Material for this exercise:
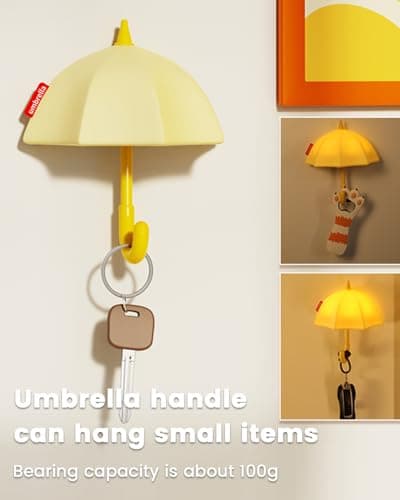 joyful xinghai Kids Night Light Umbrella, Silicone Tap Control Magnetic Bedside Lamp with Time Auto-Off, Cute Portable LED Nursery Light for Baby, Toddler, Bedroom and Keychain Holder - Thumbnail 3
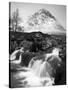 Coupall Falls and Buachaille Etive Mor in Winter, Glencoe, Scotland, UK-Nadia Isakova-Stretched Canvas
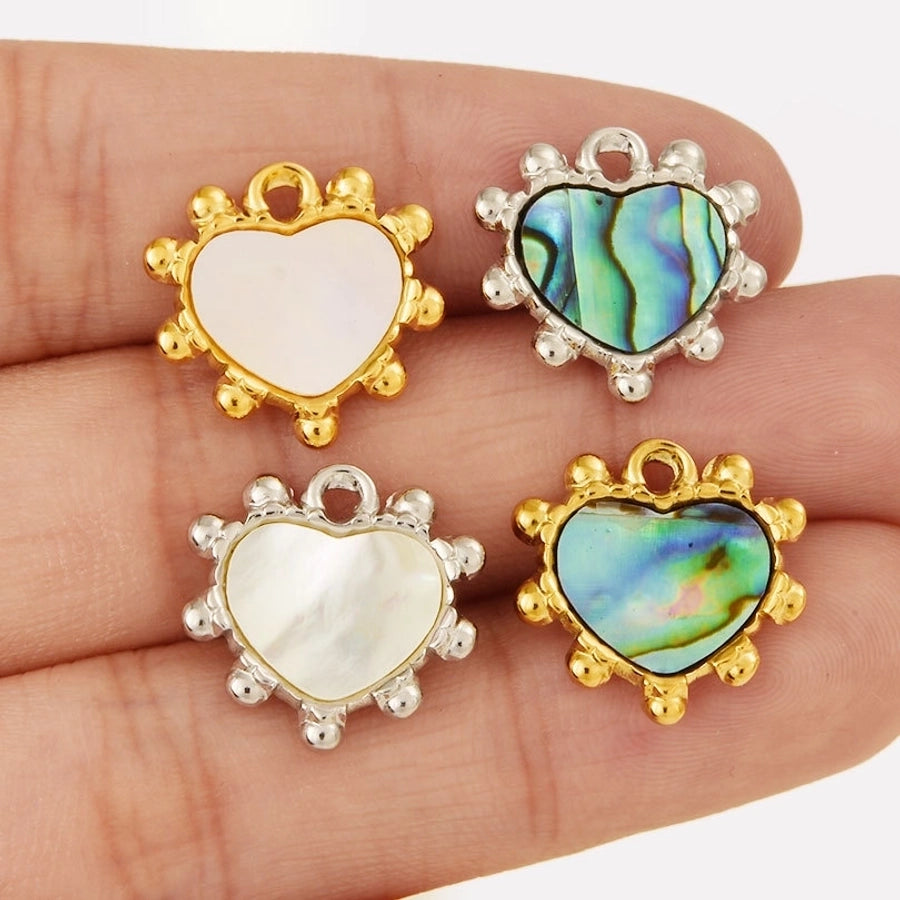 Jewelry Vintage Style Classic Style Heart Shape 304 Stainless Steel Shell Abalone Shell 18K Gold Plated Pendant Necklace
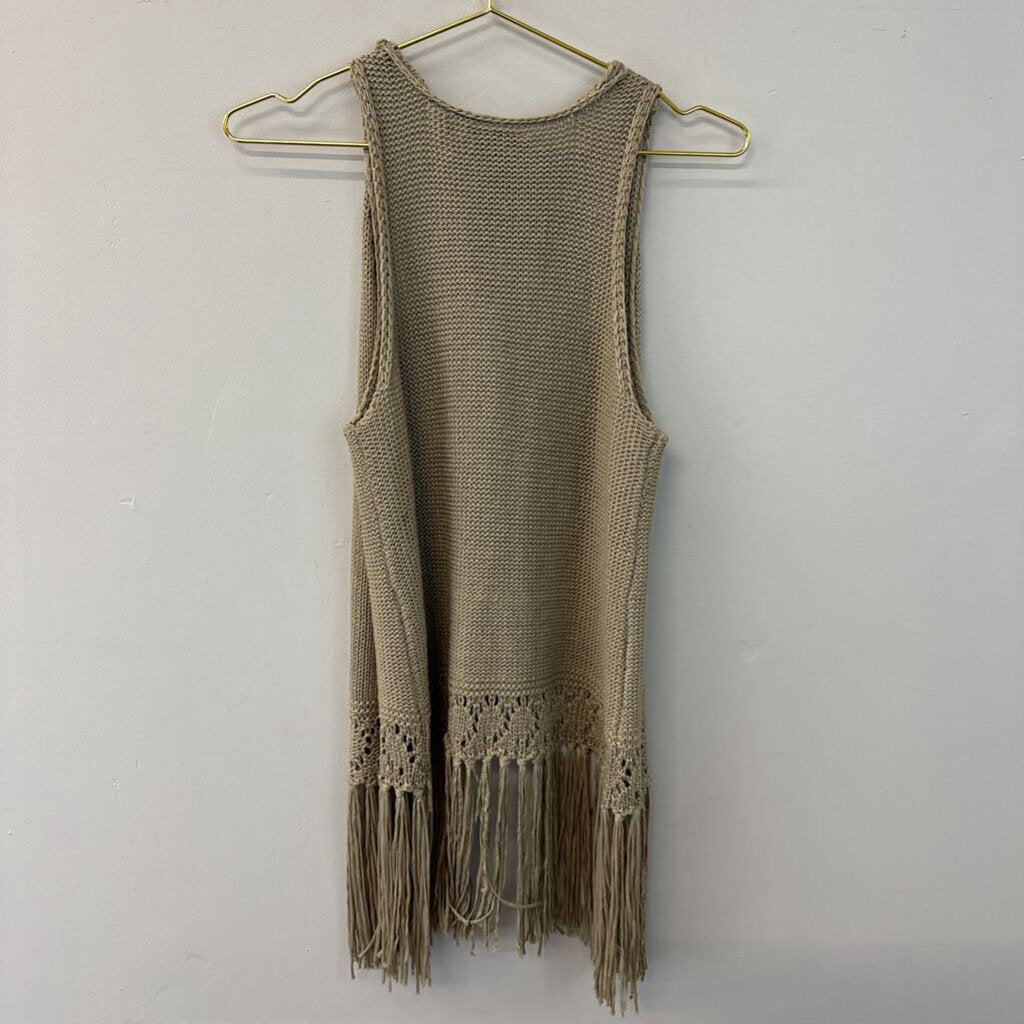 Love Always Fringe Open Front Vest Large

==

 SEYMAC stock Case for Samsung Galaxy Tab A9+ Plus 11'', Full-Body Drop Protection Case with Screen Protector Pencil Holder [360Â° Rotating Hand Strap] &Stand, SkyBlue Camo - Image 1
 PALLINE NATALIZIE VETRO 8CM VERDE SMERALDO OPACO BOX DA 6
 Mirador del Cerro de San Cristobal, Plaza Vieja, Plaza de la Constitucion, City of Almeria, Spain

Directions:
When copying from the data above, print only the lines from the line containing "Jewelry Vintage Style" to the line containing "Love Always Fringe Open Front Vest Large", exactly, and leave the pictures out.

Solution to this exercise:
 Jewelry Vintage Style Classic Style Heart Shape 304 Stainless Steel Shell Abalone Shell 18K Gold Plated Pendant Necklace
 Love Always Fringe Open Front Vest Large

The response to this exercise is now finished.